Well, according to a dermatology journal out today, he may have been in for worse than a surprise: a nasty skin reaction that one doctor is calling “Mexican beer dermatitis.”

Dr. Scott Flugman, of Huntington Hospital in New York, reports in the Archives of Dermatology that a substance in lime juice, if left on the skin in the sun, can cause the skin to become discolored, as if stung by jellyfish or poison ivy. And the marks can last for months.

Here’s how it happens: Mexican beers, particularly Corona, are typically served with a lime slice wedged into the top of the bottle. The drinker then shoves the lime into the bottle and holds his or her thumb over the bottle’s mouth while turning the bottle over to mix in the juice.

If the drinker isn’t careful, however, the beer’s carbonation can spray lime juice and beer all over his or her skin — “especially in a patient who is shirtless by a beach or pool,” the journal notes.
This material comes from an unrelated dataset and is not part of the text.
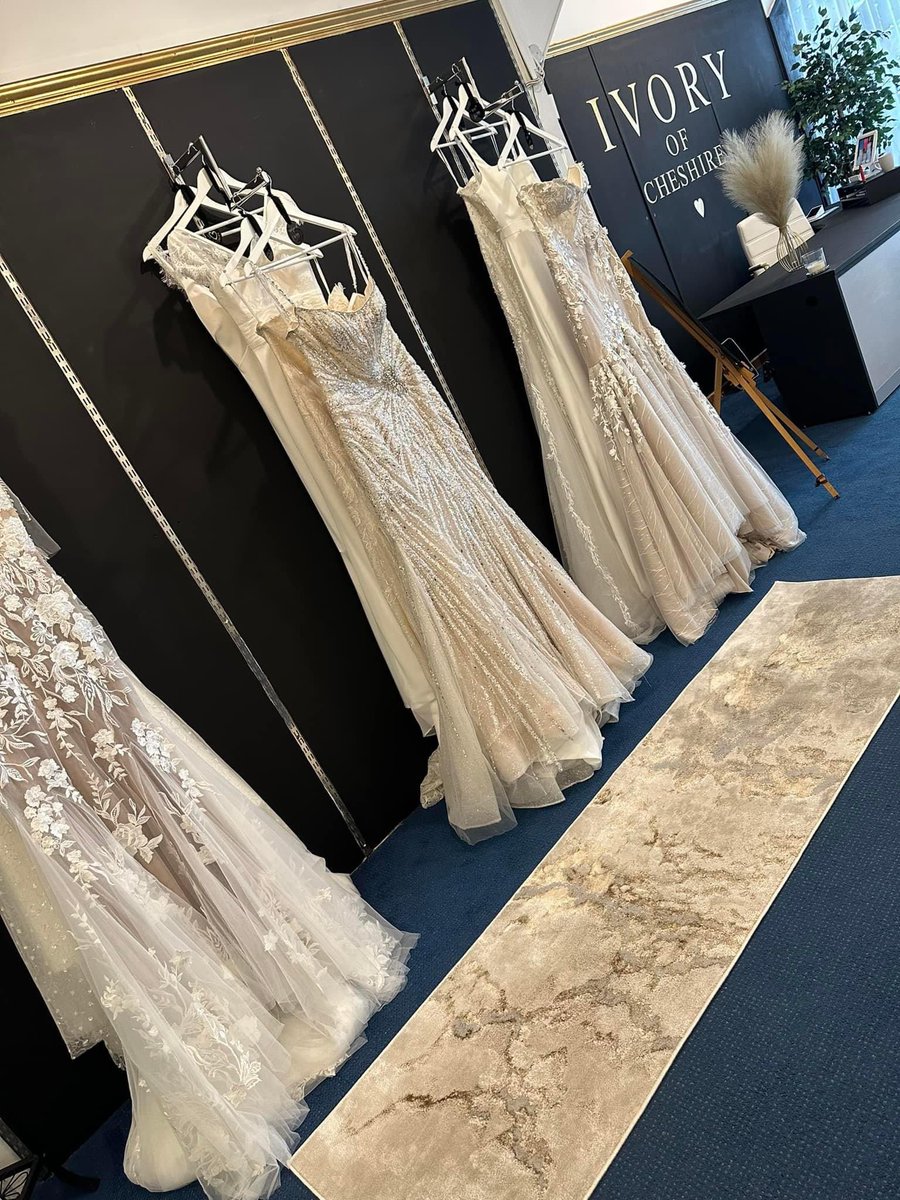 IvoryOfCheshire's tweet photo. This weekends offer!

£100 voucher towards anything in store when you purchase your gown. 

No appointment required👰🏽‍♀️🤍

#ivoryofcheshire #foreverivorygirls #offer #weddingdress #bridalboutique https://t.co/4b7Al3isEw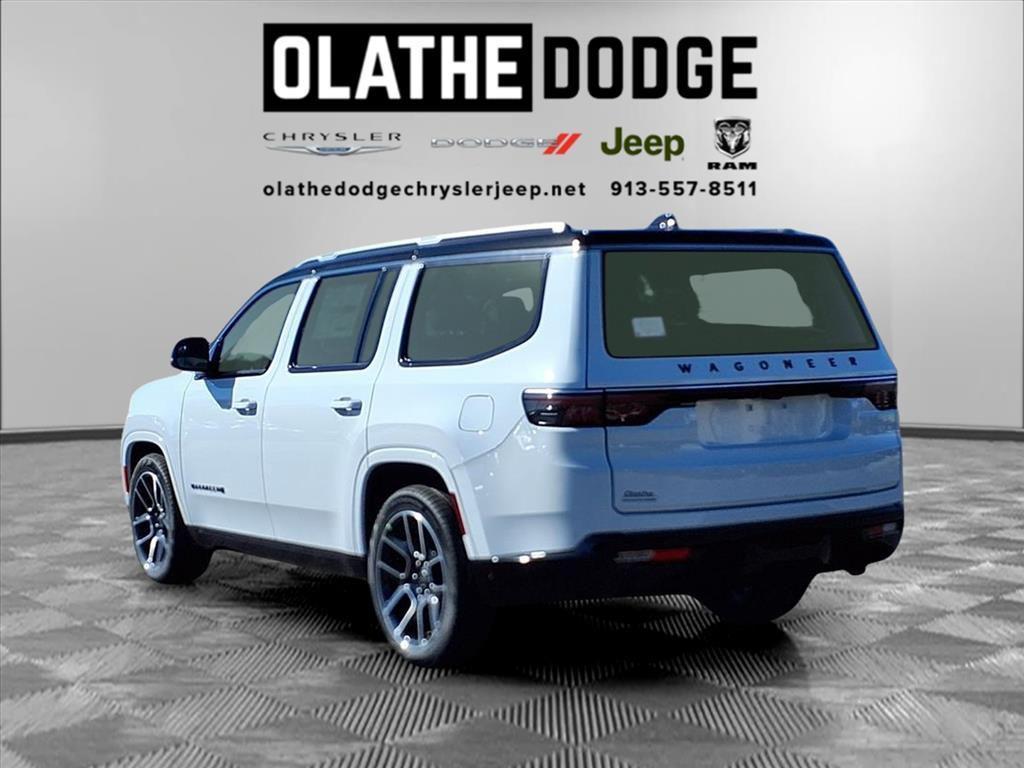 new 2025 Jeep Wagoneer car, priced at $75,980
The ensuing reaction — most commonly seen in people such as bartenders who work outdoors with limes — owes to a substance called psoralen, Flugman told Reuters Health. Psoralen is used to make the skin more sensitive to the effects of a wavelength of ultraviolet light known as UV-A, which is used to treat certain skin conditions. When it’s lime juice on your skin, however, it’s a different story. (Lemons contain psoralens, too, although weaker ones.) Most cases aren’t severe and won’t leave a scar. “It’s just a cosmetic issue,” said Flugman. But he added that the skin reaction may take an emotional toll.

“People are worried it’s something serious. You might have some brown spots you’re looking at for a few months,” particularly in olive-skinned Caucasians. The link between sunburns and skin cancer may also worry people, but no one has shown any specific tie between this kind of dermatitis and cancer, Flugman said. At his two-dermatologist practice in Long Island, New York, he sees two or three cases per year — other cases probably go away before people get to a dermatologist.

It’s not clear just how common the problem is, and Flugman’s write-up is just a case report, the lowest level of medical evidence. Yet most dermatologists know the skin reaction exists, “even if they haven’t seen it recently,” Flugman told Reuters Health.

Making more people aware of it, he said, will reassure them that the reaction will probably go away, or let them avoid it in the first place.

“The people I see sometimes are kind of panicked,” he said. They are often mystified why a dermatologist is asking them if they’ve recently drunk Mexican beer. Crown Imports, which distributes Corona in the U.S., could not provide a comment by deadline. Flugman’s advice? “If you do this and you spritz the beer or the lime, just wash it off. Don’t leave it on there and sit out in the sun. “Or, if you aren’t inclined to get up for while, “throw a towel over it.”